How do you build tunnels of interstate highway four lanes wide through poor soil beneath vital railroad tracks without shutting down the rail lines? This was the dilemma faced by the Slattery/ Interbeton/White/Perini Joint Venture, working on a portion of the Central Artery/Tunnel Project—often called the Big Dig—which will result in 7.5 miles (161 lane miles) of I-93 and I-90 buried under central Boston. The multibillion-dollar undertaking is reported to be the largest and most complex urban infrastructure project in American history. Tunneling under railroads usually involves relocating tracks—or taking all or a portion of the tracks out of service—and building staged cut-and-cover tunnels. This was not a viable option in Boston because of the many rail lines funneling more than 300 daily commuter and Amtrak trains into the city's South Station. These vital tracks bisect eastbound and westbound extensions of I-90 that are now being built and that will provide high-speed access to Logan Airport via the new Ted Williams Tunnel under Boston Harbor.

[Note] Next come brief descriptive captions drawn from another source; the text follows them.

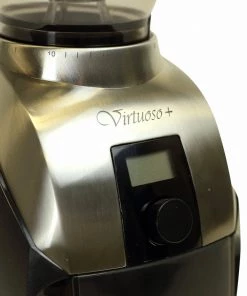 Baratza Virtuoso Plus (+) Burr Grinder Tea
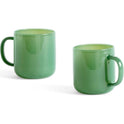Borosilicate Mug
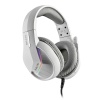 NGS GHX-515, High-Performance Gaming Headset with RGB Lights, PS/XBOX/PC Compatible Image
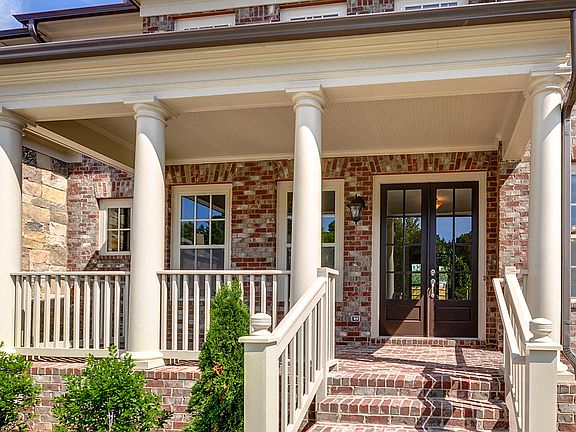 The Melbourne, Woodmont Golf and Country Club, Canton Georgia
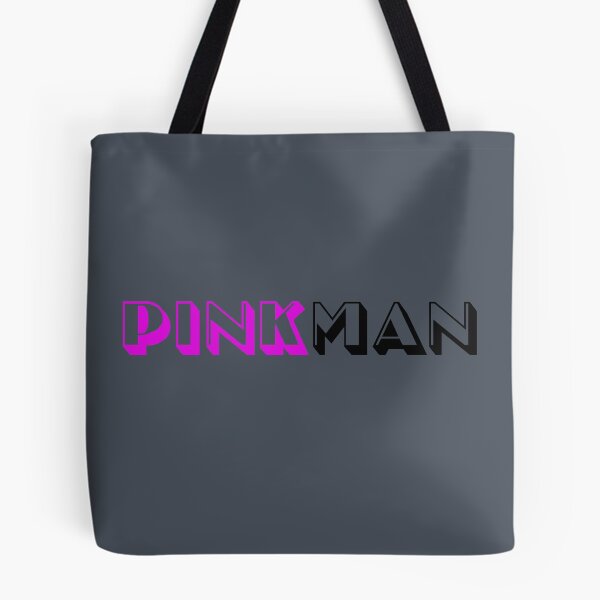 Aperçu de l'œuvre M. Pinkman créée et vendue par fuka-eri.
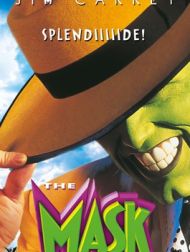 DVD The Mask (VF&VOST)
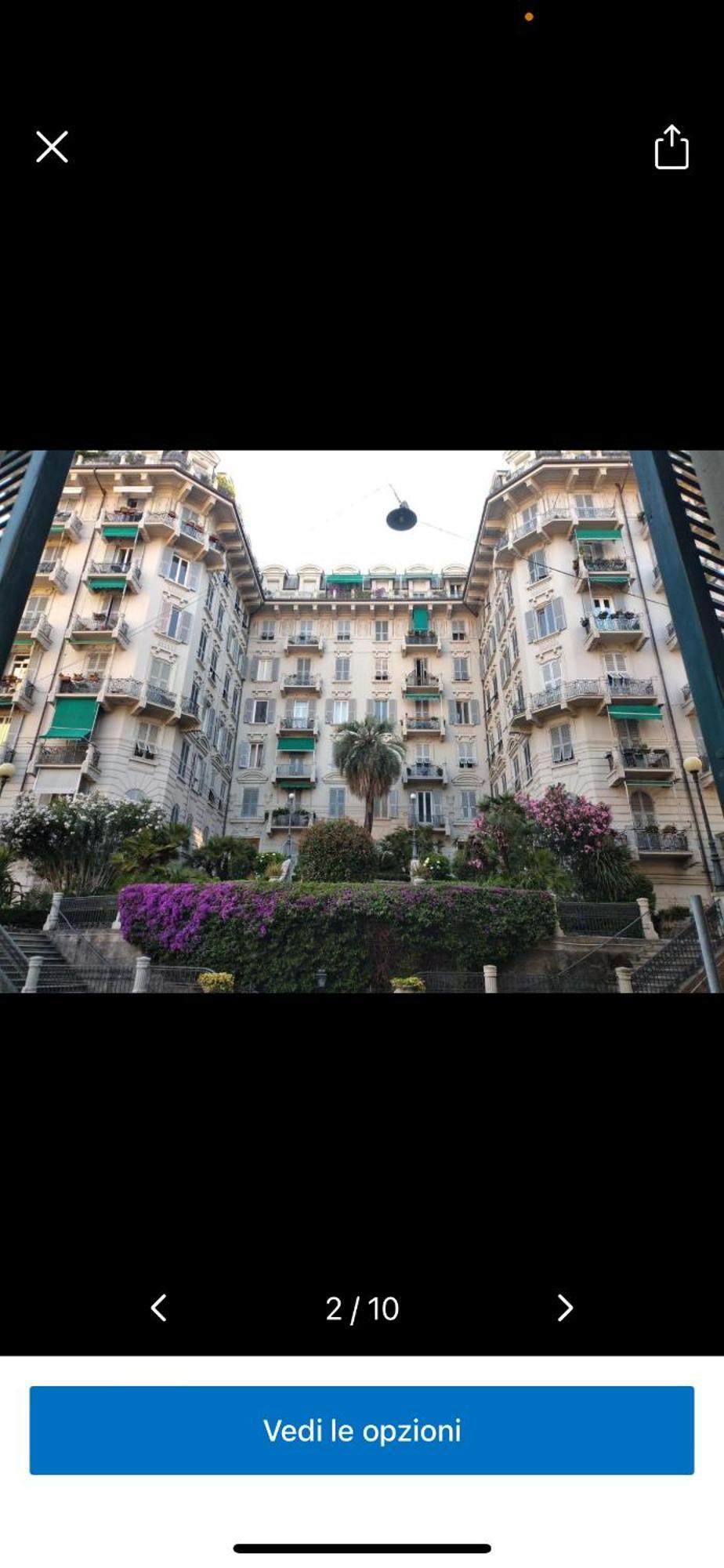 Manarola Apartament ラ・スペツィア エクステリア 写真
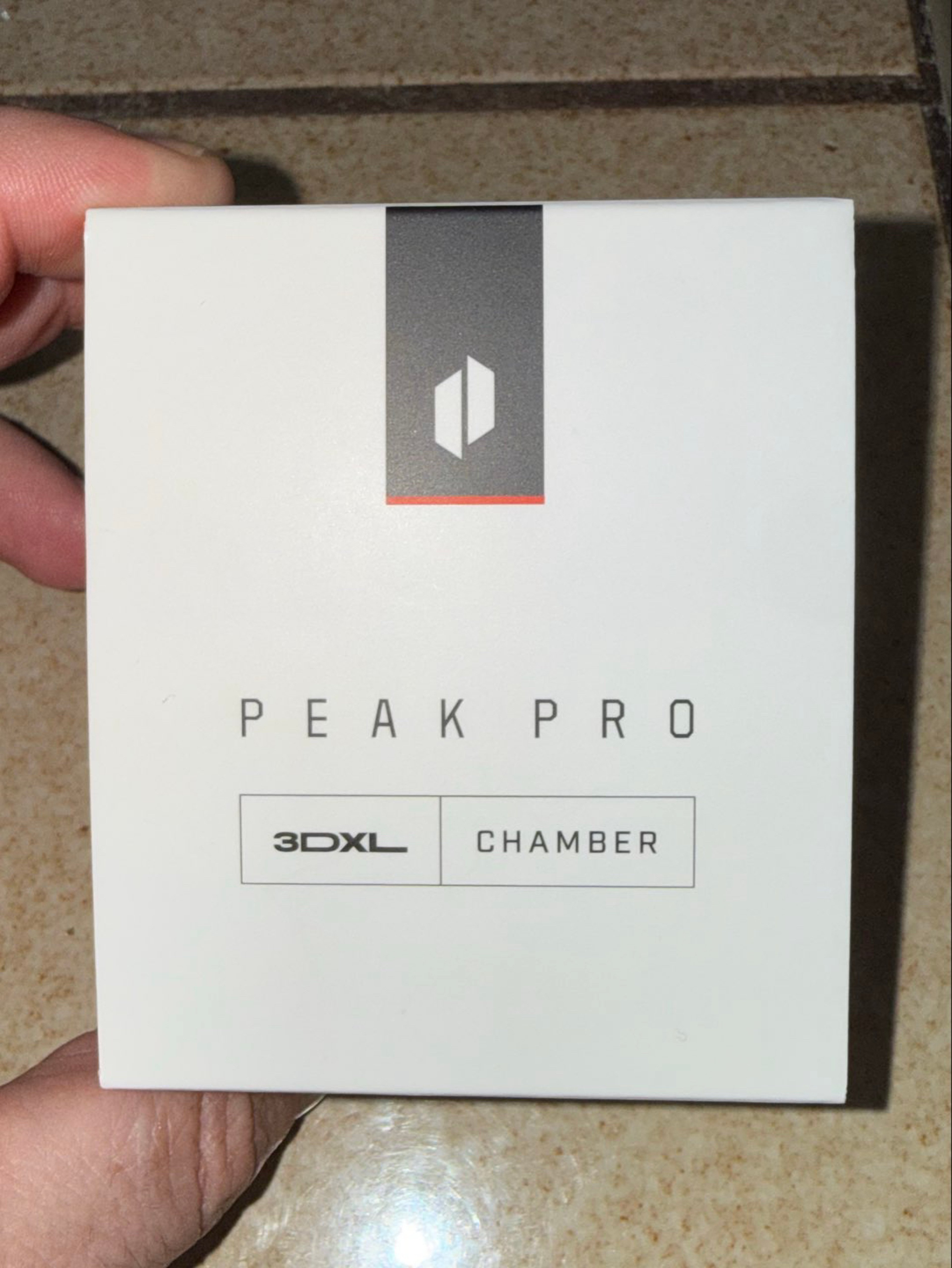 Puffco Peak Pro 3DXL Chamber image 0
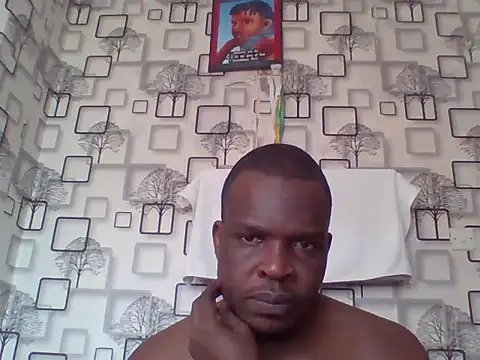 Chumba_001 webcam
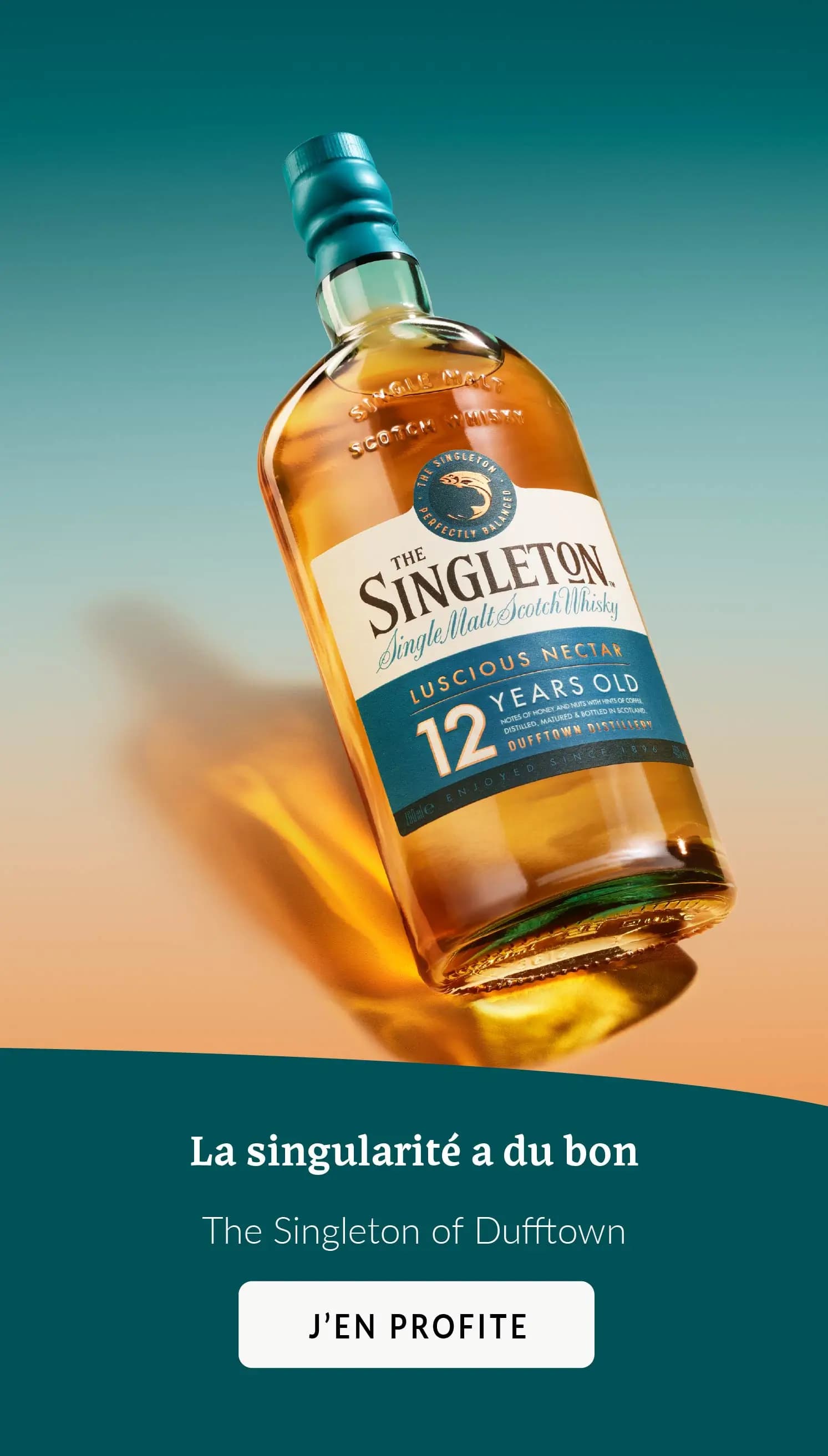 Whisky Singleton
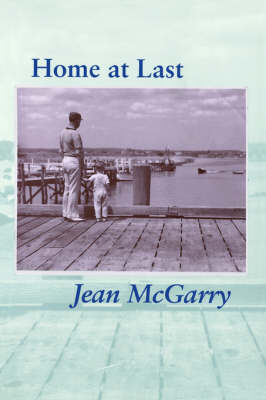 Home at Last - Jean McGarry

Of three other tunneling options—mining, excavating multiple drifts by micro-tunneling, and tunnel jacking—jacking is the least expensive. Jacking also reduces the volume of excavated soil and minimizes contact with subsurface obstructions. The 25 feet of soil under the rail beds contain hundreds of years of Boston history: long abandoned subsurface tracks, building foundations, and coarse fill. And because the groundwater level is only 6 to 10 feet below the present rail beds, the deeper soil is a soft, watery mixture of silt, sand, peat, and marine clay.